Writers, theologians, pastors, and lay people have debated this for years—but I propose a third alternative. I agree with Andrew C. Perriman that neither position (kephale as authority, or as source) is “quite satisfactory.”  If kephale had the meaning of either authority or origin in ancient times, it was not used that way very often. Further, the arguments on both sides beg the question of why, whichever meaning Paul intended, he didn’t use the words for “ruler” or “source/origin” directly, since plenty exist in the Greek. If Paul meant to command a husband’s authority over his wife, he could have communicated this using the far more common and intuitive archon (ruler or power), exousia (authority), despotes or oikudespotes (used in the gospels to refer to the master of a household or landowner), or kyrios (lord). The Greek language includes many more words than English and precise word choice can be used to express nuances that English cannot.
Indeed, use of the word kyrios, the term used for Jesus throughout the New Testament, would have seemed completely natural if that was the role Paul intended for the husband. Kyrios was also the more common Greek term for the master of a household. So when people argue that the Bible says a husband is the head of the household, that is simply not true. First, it says that he is the head of the wife, not the household, and second, in the time that Paul wrote, the word kyrios would have perfectly and precisely communicated the idea of head of the household. But Paul, guided by the Holy Spirit, instead chose a different word. Why? Because Paul did not mean head of the household or authority of any kind, but something different.
What kind of kephale is Christ?
Theologian Richard Cervin asserts, “(Paul) does not mean ‘authority over’ as the traditionalists assert, nor does he mean ‘source’ as the egalitarians assert. I think he is merely employing a head-body metaphor.” I agree. This metaphor is clear throughout Eph. 5:21-31, which begins with the injunction for the members of the Christian household to “submit themselves one to another in reverence for Christ,” continues with the head-body metaphor throughout, and ends with a quotation from the Creation account, “For this reason a man will leave his father and mother and shall cleave to his wife, and the two will become one flesh” (Gen 2:26).

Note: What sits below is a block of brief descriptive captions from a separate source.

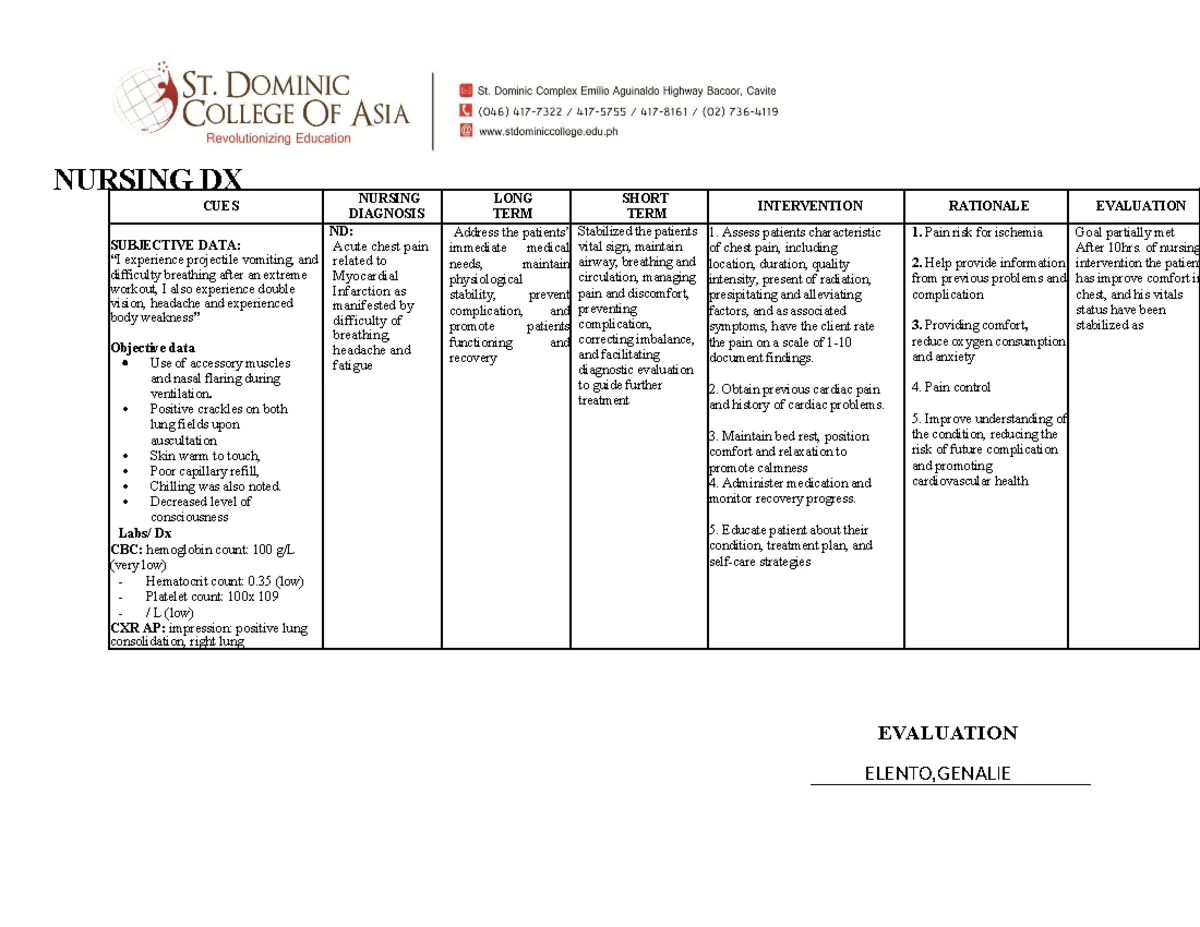 Learning- Feedback- Diary - Introduction to Nursing - LEARNING FEEDBACK ...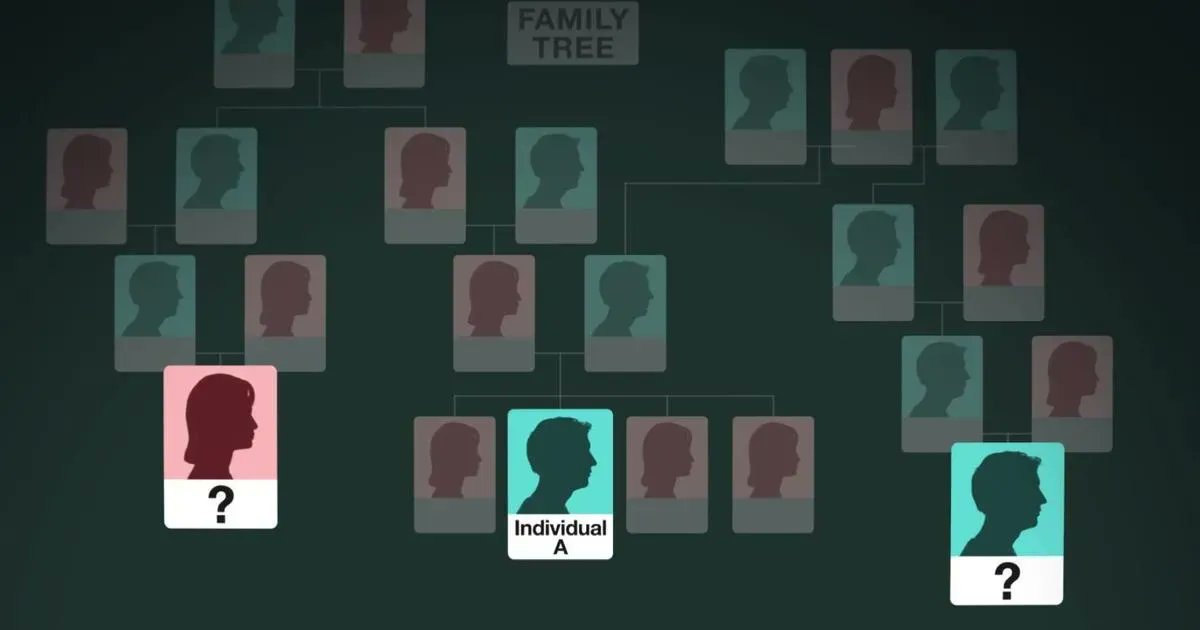 Forensic187's tweet photo. Killer eludes police for 31 years โ how did one woman find him in two hours? https://t.co/t2rf5goS9G #truecrime #CSI #forensicscienceacademy #Udemy #forensics #investigations #CeCeMoore #forensicgenealogy https://t.co/EV9Yb10lbR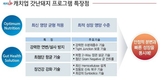 팜스코 ‘갓난돼지’ 사료프로그램 ‘캐치업’ 선보여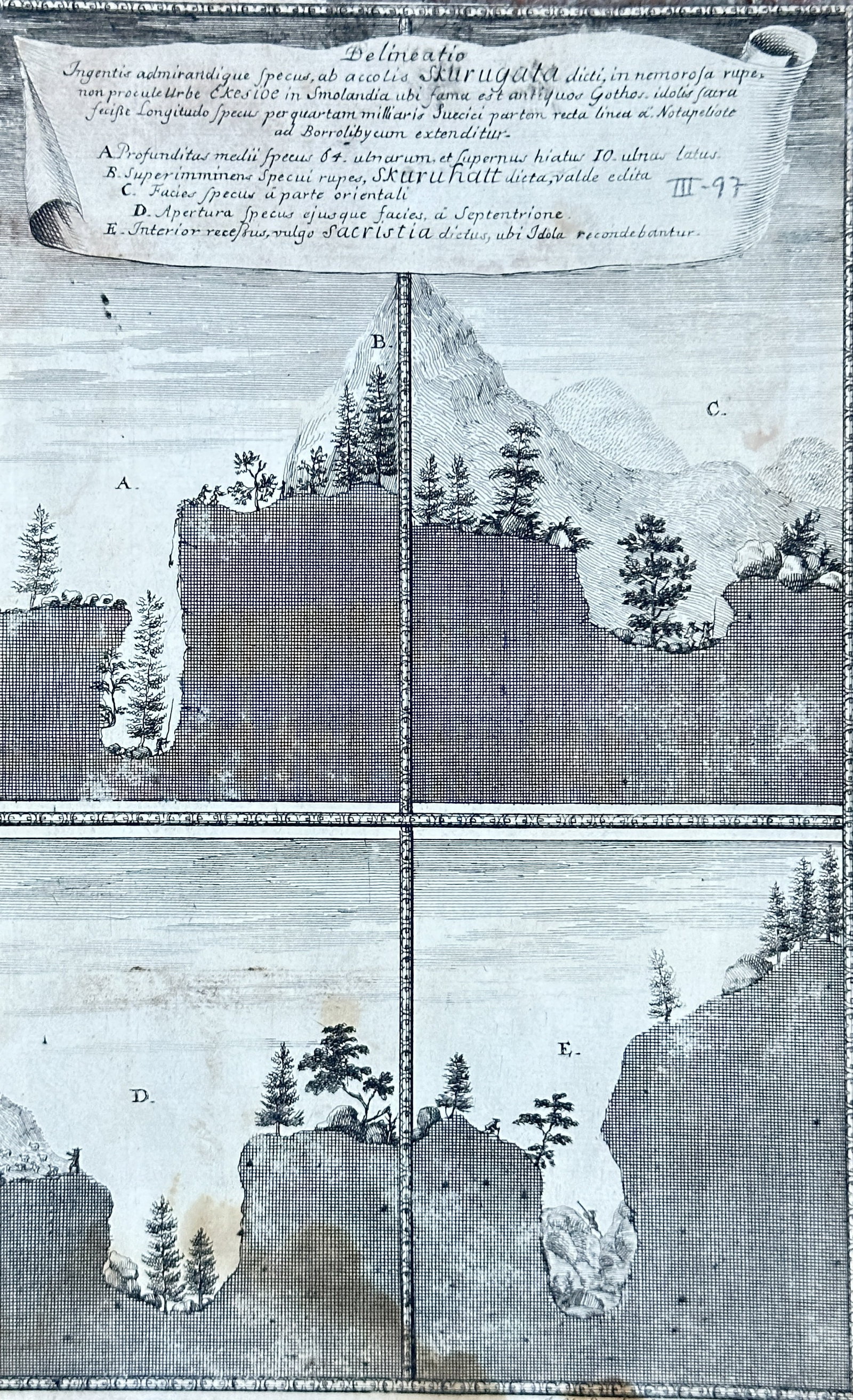 Johannes van den Aveelen – Geological Profiles of Mountains (Hirnberg and Strumphalt) –: This meticulously detailed engraving presents a scientific illustration showcasing geological profiles and formations of mountains. The plate features multiple cross-sections of mountainous terrain, r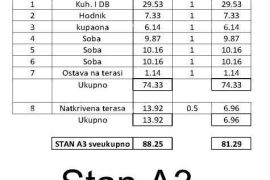 Stan Prodaje se  stan u novogradnji, Tar., Tar, Wohnung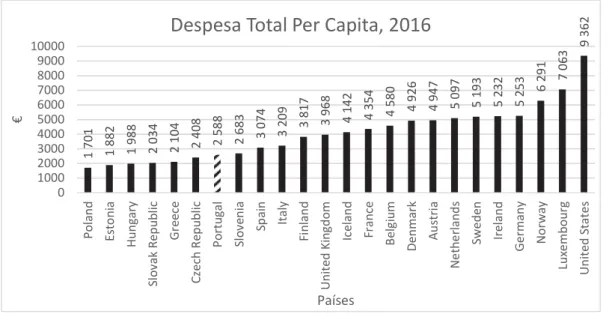 Figura 4 – Despesa total per capita, 2016 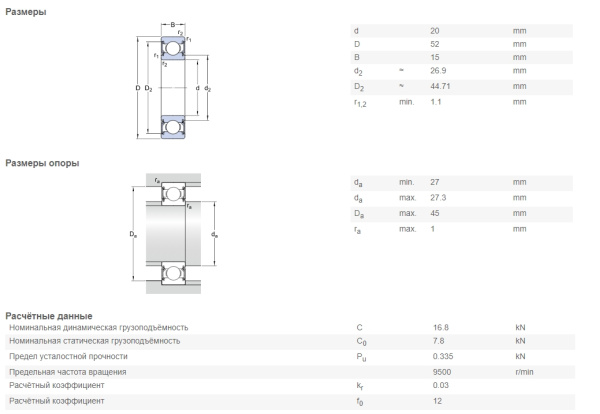 SKF_6304-2RSH.img.03
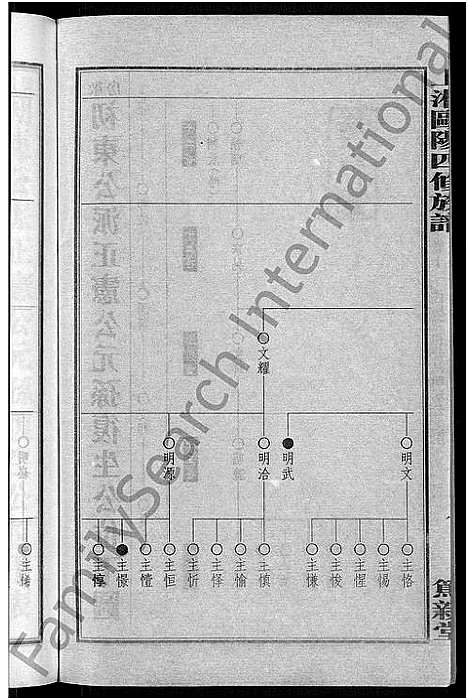 [下载][上湘田边欧阳氏四修族谱_51卷首末各1卷_上湘欧阳氏四修族谱]湖南.上湘田边欧阳氏四修家谱_十一.pdf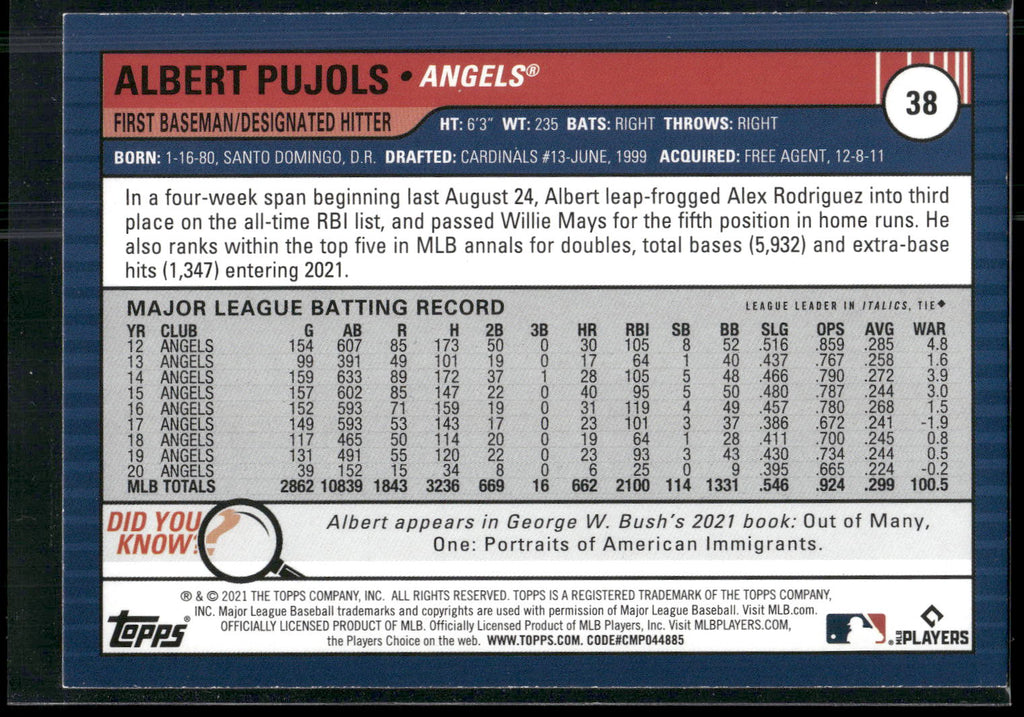 2021 Topps Big League #38 Albert Pujols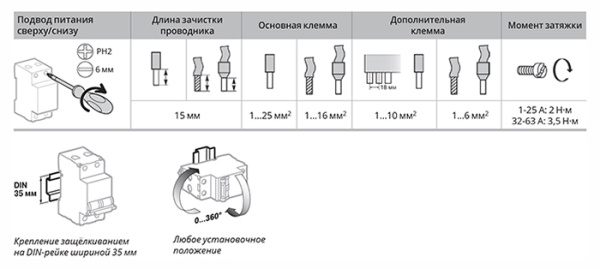 Автомат 1Р 20А C 6кА S9FN Systeme Electric Systeme9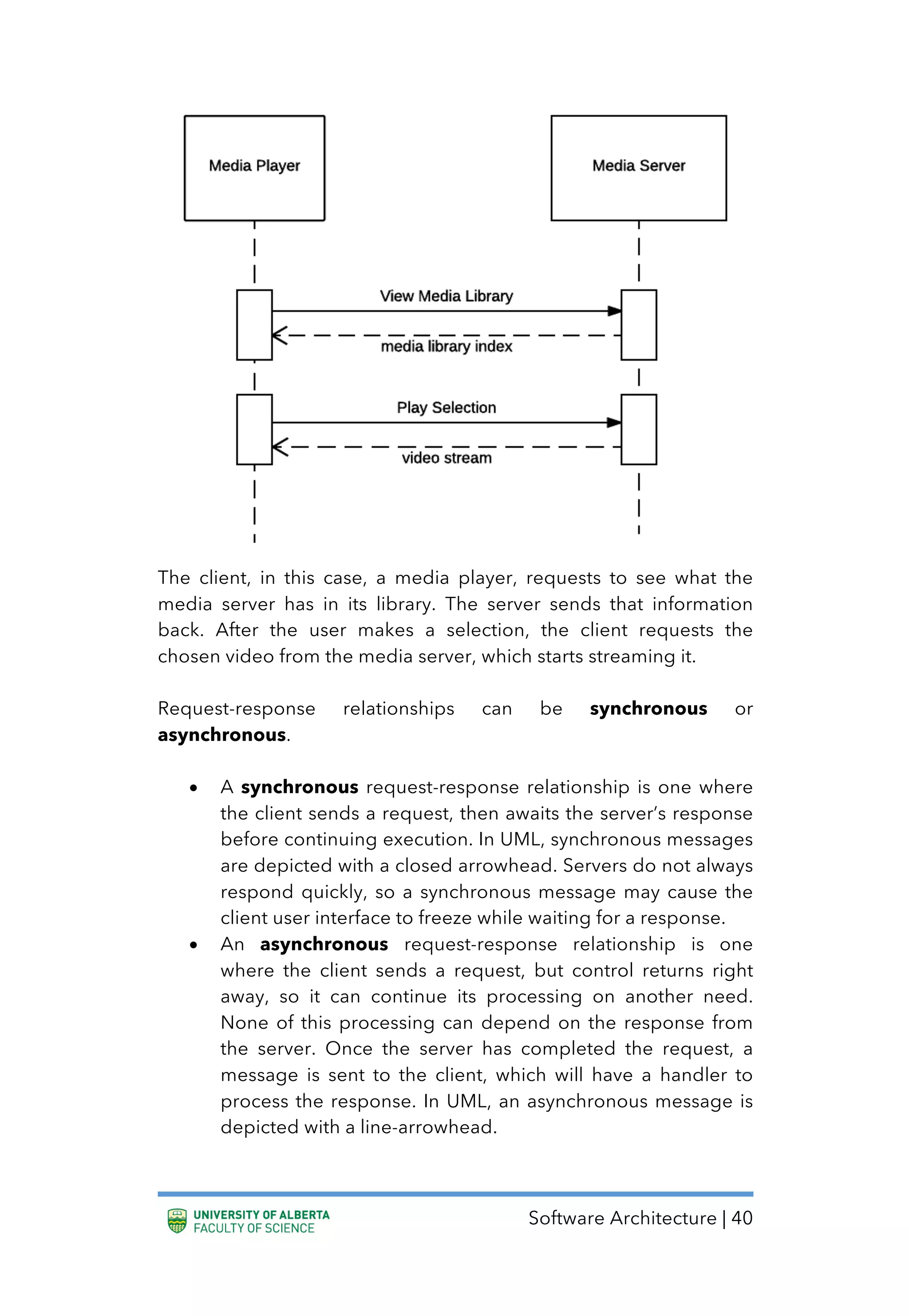 Software Architecture | 40
The client, in this case, a media player, requests to see what the
media server has in its library. The server sends that information
back. After the user makes a selection, the client requests the
chosen video from the media server, which starts streaming it.
Request-response relationships can be synchronous or
asynchronous.
• A synchronous request-response relationship is one where
the client sends a request, then awaits the server’s response
before continuing execution. In UML, synchronous messages
are depicted with a closed arrowhead. Servers do not always
respond quickly, so a synchronous message may cause the
client user interface to freeze while waiting for a response.
• An asynchronous request-response relationship is one
where the client sends a request, but control returns right
away, so it can continue its processing on another need.
None of this processing can depend on the response from
the server. Once the server has completed the request, a
message is sent to the client, which will have a handler to
process the response. In UML, an asynchronous message is
depicted with a line-arrowhead.
 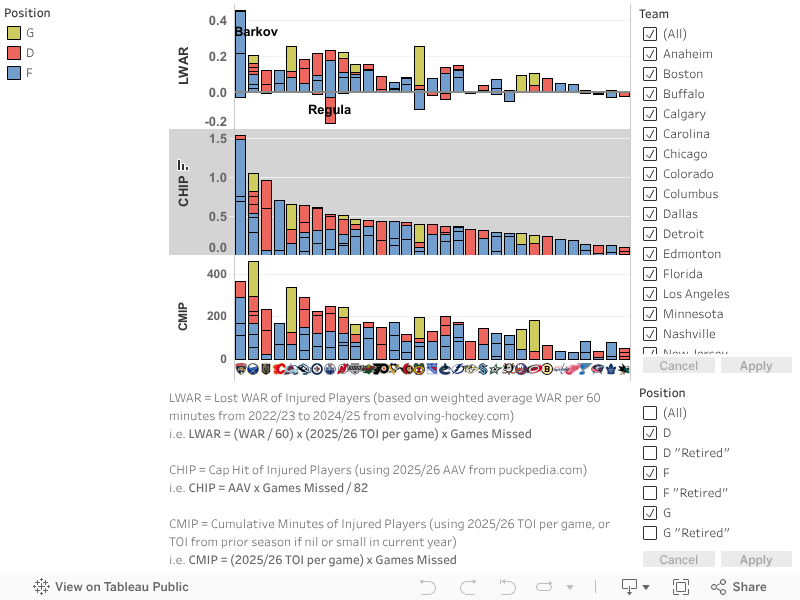 2024/25 NHL injury stacks 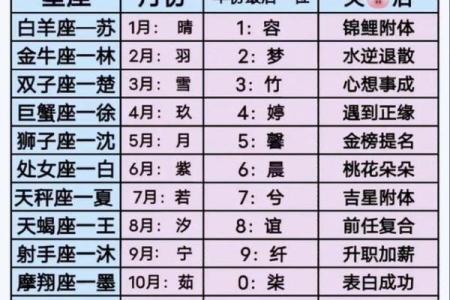 最准姓名配对测试100分 姓名配对测算？
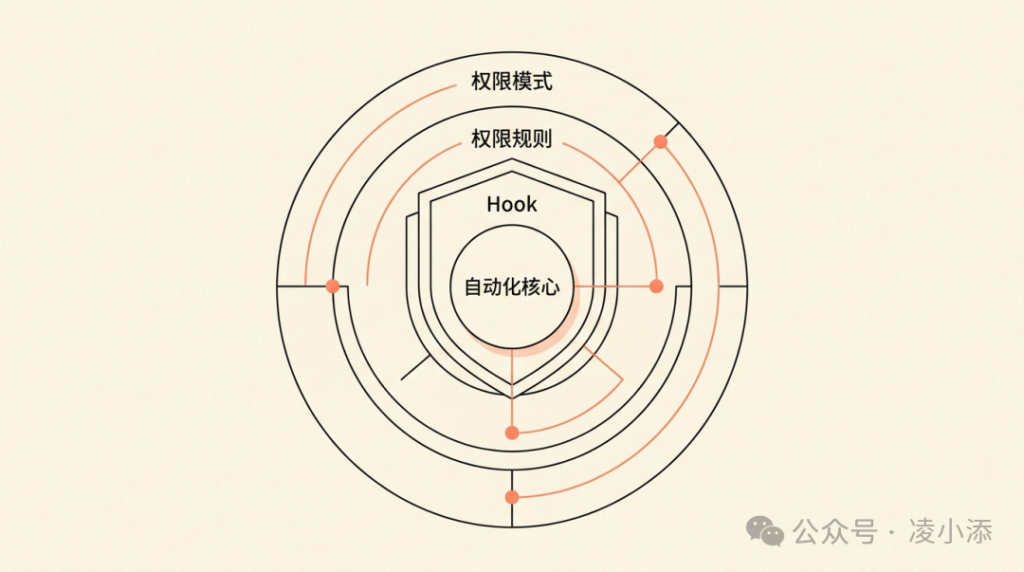 Claude Code 教程丨Skill + Hook：让 AI 7×24 小时不间断干活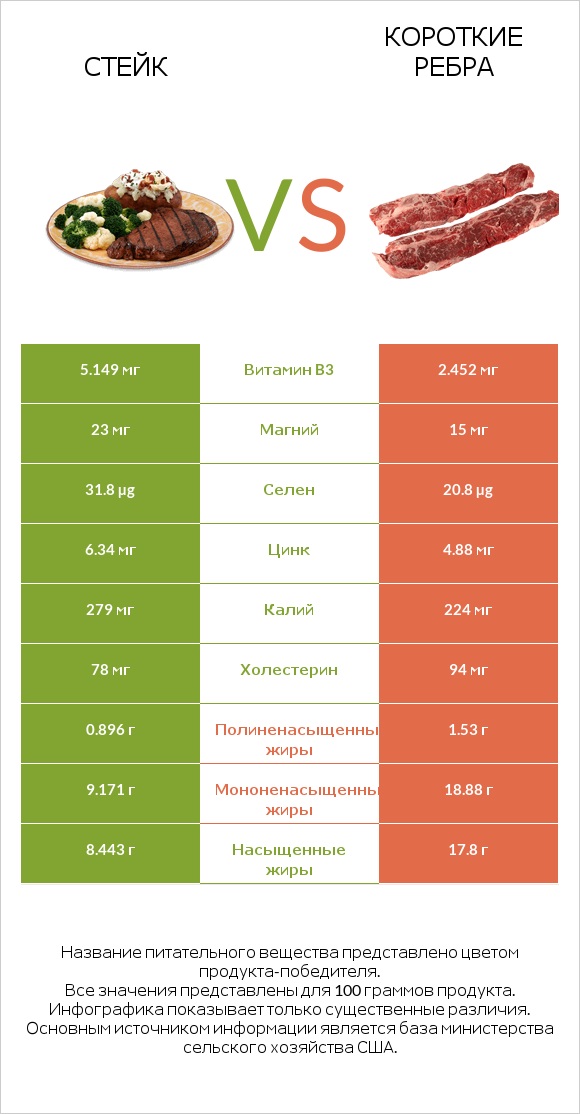 Стейк vs Короткие ребра infographic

Head plus body equals one flesh.
That kephale is “merely” part of a head-body metaphor, however, still raises the question of what role the head plays that is distinct from that of the body. Doesn’t man’s placement parallel to Christ still imply his superiority and privileged position?
Kephale is used in the context of man and woman in only two Pauline passages. However, Paul used it to refer to the relationship between Christ and the Church in several others. A look at those verses points, surprisingly, to a different meaning of kephale than is typically argued by either side in the hierarchy/equality debate.
A key to understanding Paul’s use of kephale lies in the use of a related word in Eph. 1:9-10:
For [God] has made known to us in all wisdom and insight the mystery of his will, according to his purpose which he set forth in Christ as a plan for the fullness of time, to unite [“bring together”, NIV] all things in him, things in heaven and things on earth (RSV) (emphasis added).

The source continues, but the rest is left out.